• _WORK TO BE COMPLETED_:
Return, exactly and with nothing added, the line with "Encyclopaedia of Ships" together with all lines after it through the end of the data below. No pictures belong in the copy.

(Entries taken from a collection)

※

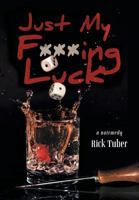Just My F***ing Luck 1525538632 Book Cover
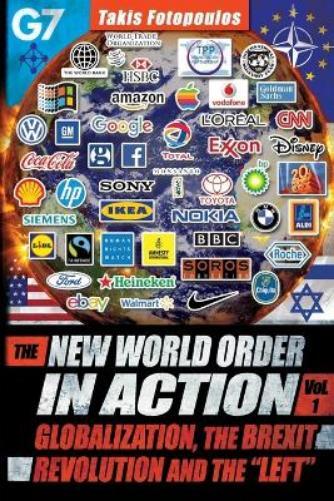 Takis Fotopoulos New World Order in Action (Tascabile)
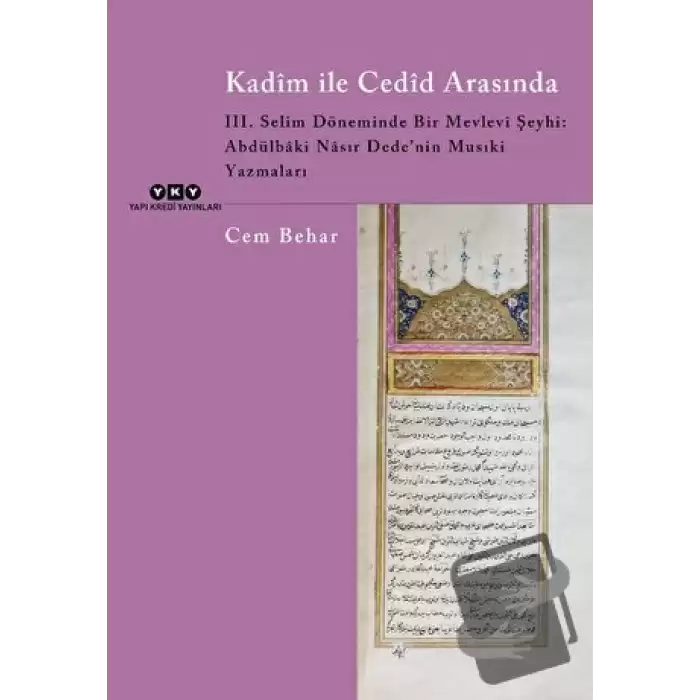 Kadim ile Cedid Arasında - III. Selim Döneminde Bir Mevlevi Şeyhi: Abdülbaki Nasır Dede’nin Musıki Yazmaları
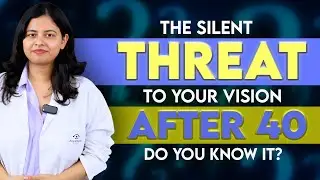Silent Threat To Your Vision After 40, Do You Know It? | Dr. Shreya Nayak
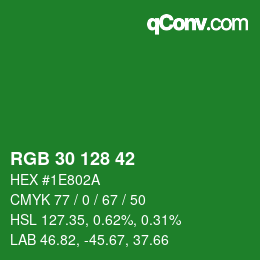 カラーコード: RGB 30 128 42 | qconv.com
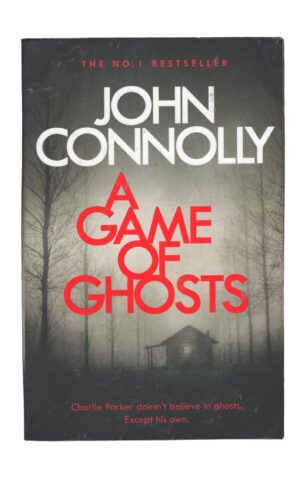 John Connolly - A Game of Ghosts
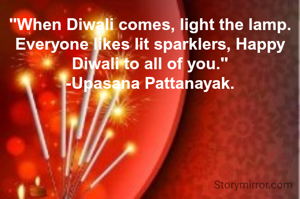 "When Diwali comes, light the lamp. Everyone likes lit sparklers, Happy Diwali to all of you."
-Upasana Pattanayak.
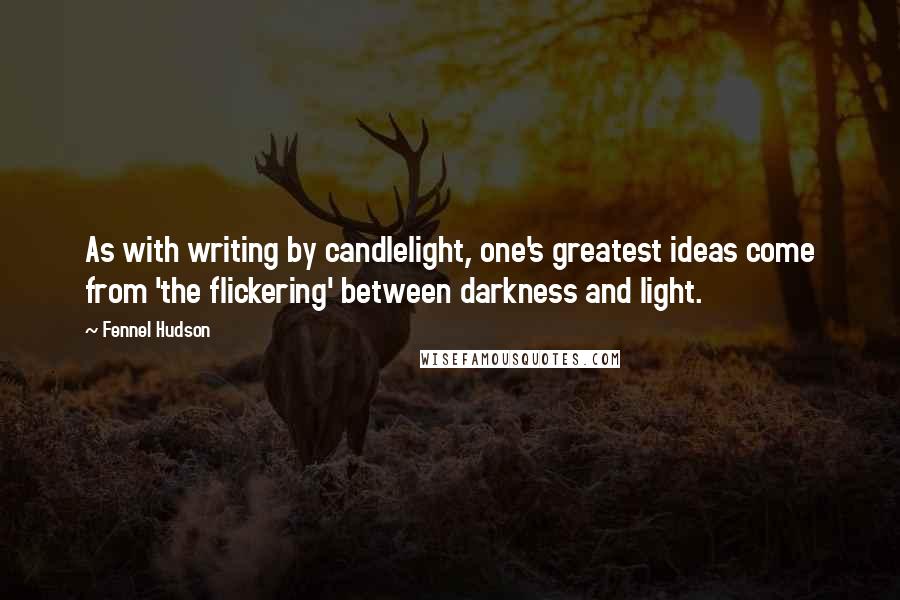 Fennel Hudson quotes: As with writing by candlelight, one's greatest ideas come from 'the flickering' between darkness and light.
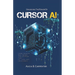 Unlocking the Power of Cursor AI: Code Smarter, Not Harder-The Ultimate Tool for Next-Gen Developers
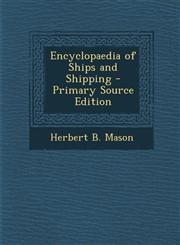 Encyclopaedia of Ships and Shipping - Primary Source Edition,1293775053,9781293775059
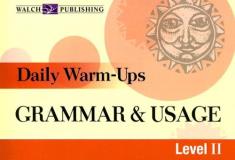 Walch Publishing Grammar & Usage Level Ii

※

• _WRITTEN RESPONSE_:
 Encyclopaedia of Ships and Shipping - Primary Source Edition,1293775053,9781293775059
 Walch Publishing Grammar & Usage Level Ii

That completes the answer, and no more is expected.